Una lectura obligada, en cambio, llama a la rebelión. Los estudiantes de secundaria rara vez apreciarán la lectura del maravilloso Quijote. ¿Qué relación inmediata pueden establecer con la escritura del siglo XVII español? Mínima, supongo yo. Para eso se necesitan estudios y la destreza que se consigue después de muchas lecturas.

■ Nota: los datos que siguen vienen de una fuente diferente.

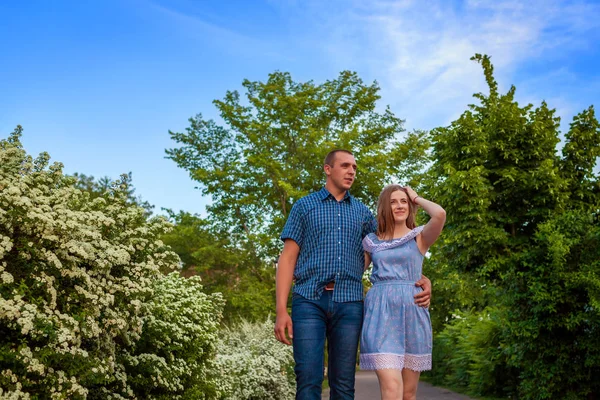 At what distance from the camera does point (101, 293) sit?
20.4 ft

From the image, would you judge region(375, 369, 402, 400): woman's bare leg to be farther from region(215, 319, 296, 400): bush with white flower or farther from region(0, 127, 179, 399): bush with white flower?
region(215, 319, 296, 400): bush with white flower

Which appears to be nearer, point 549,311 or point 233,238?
point 549,311

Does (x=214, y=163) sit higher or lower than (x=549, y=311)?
higher

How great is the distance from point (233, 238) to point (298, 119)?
6.33 meters

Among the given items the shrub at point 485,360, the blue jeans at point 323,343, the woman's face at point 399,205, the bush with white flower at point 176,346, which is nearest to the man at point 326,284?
the blue jeans at point 323,343

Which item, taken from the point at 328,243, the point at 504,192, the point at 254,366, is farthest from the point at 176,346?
the point at 504,192

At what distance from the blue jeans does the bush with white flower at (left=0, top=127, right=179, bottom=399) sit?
2101 millimetres

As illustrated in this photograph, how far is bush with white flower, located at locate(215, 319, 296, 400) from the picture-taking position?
1373 cm

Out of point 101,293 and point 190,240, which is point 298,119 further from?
point 101,293

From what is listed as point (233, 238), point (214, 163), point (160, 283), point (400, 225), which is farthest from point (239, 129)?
point (400, 225)

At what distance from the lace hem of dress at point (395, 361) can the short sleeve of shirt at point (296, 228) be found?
0.99m

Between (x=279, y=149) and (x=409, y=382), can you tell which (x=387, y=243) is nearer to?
(x=409, y=382)

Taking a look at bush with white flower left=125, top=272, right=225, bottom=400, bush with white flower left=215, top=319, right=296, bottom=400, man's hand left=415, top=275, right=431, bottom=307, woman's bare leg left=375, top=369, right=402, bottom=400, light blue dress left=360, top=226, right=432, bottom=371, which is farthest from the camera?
bush with white flower left=215, top=319, right=296, bottom=400

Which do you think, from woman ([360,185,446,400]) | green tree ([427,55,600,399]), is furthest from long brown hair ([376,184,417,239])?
green tree ([427,55,600,399]) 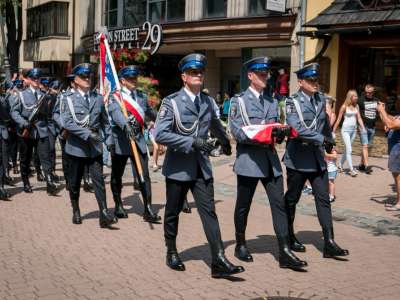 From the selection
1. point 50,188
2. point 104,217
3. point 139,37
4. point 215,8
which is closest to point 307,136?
point 104,217

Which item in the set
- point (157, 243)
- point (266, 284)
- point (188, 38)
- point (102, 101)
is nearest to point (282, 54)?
point (188, 38)

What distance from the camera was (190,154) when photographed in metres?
5.73

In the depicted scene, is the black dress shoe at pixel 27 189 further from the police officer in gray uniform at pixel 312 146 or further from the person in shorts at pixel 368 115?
the person in shorts at pixel 368 115

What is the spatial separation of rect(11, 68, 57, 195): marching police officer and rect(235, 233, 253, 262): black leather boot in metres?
4.73

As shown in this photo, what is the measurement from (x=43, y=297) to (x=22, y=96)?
236 inches

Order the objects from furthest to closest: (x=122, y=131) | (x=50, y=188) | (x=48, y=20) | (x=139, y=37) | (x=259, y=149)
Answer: (x=48, y=20)
(x=139, y=37)
(x=50, y=188)
(x=122, y=131)
(x=259, y=149)

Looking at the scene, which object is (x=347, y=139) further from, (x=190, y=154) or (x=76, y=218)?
(x=190, y=154)

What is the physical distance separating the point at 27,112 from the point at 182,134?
17.9 feet

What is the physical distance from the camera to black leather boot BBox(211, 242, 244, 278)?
5449mm

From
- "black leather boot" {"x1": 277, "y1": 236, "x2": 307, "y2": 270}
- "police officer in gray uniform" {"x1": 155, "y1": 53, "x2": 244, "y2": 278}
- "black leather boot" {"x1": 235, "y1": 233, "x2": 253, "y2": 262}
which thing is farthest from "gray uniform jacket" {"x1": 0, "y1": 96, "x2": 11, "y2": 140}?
"black leather boot" {"x1": 277, "y1": 236, "x2": 307, "y2": 270}

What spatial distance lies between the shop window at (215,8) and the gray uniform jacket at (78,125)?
11957mm

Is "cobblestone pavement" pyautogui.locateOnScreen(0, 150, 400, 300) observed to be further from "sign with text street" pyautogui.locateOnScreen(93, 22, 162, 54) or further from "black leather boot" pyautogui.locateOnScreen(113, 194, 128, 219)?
"sign with text street" pyautogui.locateOnScreen(93, 22, 162, 54)

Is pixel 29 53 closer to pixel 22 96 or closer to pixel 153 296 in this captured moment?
pixel 22 96

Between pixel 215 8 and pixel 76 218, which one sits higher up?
pixel 215 8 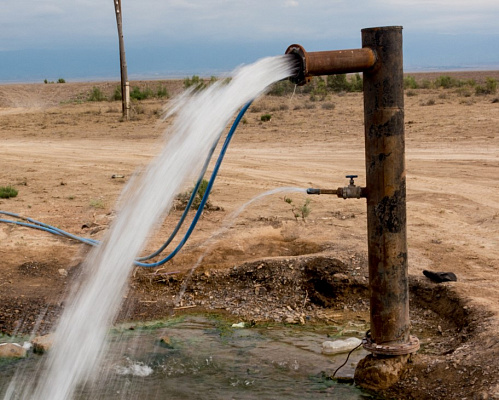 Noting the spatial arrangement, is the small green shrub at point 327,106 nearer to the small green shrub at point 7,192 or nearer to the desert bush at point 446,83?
the desert bush at point 446,83

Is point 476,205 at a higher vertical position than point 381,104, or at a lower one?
lower

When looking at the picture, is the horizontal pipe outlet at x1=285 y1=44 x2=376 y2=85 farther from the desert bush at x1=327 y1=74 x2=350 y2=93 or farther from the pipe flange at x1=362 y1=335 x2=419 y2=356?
the desert bush at x1=327 y1=74 x2=350 y2=93

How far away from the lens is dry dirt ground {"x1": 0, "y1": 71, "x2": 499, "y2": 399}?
434 cm

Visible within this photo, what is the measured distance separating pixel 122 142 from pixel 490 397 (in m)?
12.0

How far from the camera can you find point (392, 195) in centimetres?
341

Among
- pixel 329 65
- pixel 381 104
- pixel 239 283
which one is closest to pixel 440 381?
pixel 381 104

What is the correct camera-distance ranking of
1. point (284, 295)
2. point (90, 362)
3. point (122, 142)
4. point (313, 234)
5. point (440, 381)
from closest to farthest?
1. point (440, 381)
2. point (90, 362)
3. point (284, 295)
4. point (313, 234)
5. point (122, 142)

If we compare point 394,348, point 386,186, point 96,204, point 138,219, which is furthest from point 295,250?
point 96,204

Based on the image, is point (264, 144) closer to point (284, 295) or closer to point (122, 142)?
point (122, 142)

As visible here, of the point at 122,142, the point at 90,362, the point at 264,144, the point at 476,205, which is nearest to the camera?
the point at 90,362

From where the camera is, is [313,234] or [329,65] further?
[313,234]

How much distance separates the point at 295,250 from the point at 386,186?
254 centimetres

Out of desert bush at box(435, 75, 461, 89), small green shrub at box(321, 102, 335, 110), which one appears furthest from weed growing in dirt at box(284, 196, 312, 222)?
desert bush at box(435, 75, 461, 89)

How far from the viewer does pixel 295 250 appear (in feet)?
19.3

Mis padres, en especial papá, organizó una biblioteca propia. La suya y también la de sus hijas. A mi hermana, entre otros libros, le compraron El tesoro de la juventud y a mí, varios años después, El libro de oro de los niños. Ambos títulos, que venían acompañados de dos o varios tomos, en el caso del primero, fueron para mí como la visita constante a una biblioteca. Han pasado siglos y me veo sentada durante horas, ojeando y leyendo esos tomos enciclopédicos y de lectura para niños y jóvenes. También leía libros enteros, desde los 9 años. Más tarde, comencé a hurgar en los libros de los adultos. Y eso fue fundamental para mí. Una tarde me topé con una traducción de Lolita de Nabokov. Debo haber leído unas 60 páginas cuando papá detectó esa lectura “prohibida”, no apta para una púber. La novela desapareció de mi vista, pero había quedado yo inoculada del frenesí por el extrañamiento que produce lo literario.
¿Libros baratos para formar lectores? No, bibliotecas (laboratorios) para que se revelen las propias aficiones.